PROBLEM:
Your answer should show every line of the material below that includes "with".
== MATERIAL FOR THIS EXERCISE ==
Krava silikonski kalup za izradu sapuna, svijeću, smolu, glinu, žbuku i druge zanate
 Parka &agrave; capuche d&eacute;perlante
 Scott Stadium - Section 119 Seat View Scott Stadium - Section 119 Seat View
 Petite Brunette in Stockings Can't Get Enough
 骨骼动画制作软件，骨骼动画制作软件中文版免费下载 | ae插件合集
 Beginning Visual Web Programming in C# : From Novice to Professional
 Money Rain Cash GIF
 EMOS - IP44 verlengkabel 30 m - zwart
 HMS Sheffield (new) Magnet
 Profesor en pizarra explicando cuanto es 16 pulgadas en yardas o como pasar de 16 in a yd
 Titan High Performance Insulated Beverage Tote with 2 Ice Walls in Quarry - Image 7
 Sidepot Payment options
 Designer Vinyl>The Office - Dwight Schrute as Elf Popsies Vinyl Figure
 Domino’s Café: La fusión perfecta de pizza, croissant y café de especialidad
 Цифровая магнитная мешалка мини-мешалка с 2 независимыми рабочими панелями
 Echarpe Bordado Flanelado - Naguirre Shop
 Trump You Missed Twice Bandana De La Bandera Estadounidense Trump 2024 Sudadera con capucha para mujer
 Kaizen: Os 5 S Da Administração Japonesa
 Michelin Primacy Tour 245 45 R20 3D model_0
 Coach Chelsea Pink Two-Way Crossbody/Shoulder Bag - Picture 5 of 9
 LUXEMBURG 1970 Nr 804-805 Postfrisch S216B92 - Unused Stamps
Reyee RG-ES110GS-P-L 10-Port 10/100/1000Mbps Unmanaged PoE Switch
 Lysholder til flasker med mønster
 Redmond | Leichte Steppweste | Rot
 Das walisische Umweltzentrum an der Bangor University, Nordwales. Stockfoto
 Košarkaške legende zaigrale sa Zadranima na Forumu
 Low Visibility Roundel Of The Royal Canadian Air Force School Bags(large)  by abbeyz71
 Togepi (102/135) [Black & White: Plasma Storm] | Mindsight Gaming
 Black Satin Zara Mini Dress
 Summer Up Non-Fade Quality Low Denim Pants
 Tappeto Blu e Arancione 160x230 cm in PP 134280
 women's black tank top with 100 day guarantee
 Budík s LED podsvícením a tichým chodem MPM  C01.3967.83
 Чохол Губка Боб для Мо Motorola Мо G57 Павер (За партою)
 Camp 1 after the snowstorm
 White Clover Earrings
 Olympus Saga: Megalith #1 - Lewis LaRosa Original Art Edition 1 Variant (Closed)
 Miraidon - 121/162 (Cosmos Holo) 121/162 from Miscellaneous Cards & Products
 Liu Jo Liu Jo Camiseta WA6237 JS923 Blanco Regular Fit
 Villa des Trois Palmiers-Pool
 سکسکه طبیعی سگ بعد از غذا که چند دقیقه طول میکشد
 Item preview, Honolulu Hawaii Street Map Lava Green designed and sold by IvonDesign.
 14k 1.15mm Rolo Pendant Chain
===
TASK ANSWER:
 Titan High Performance Insulated Beverage Tote with 2 Ice Walls in Quarry - Image 7
 women's black tank top with 100 day guarantee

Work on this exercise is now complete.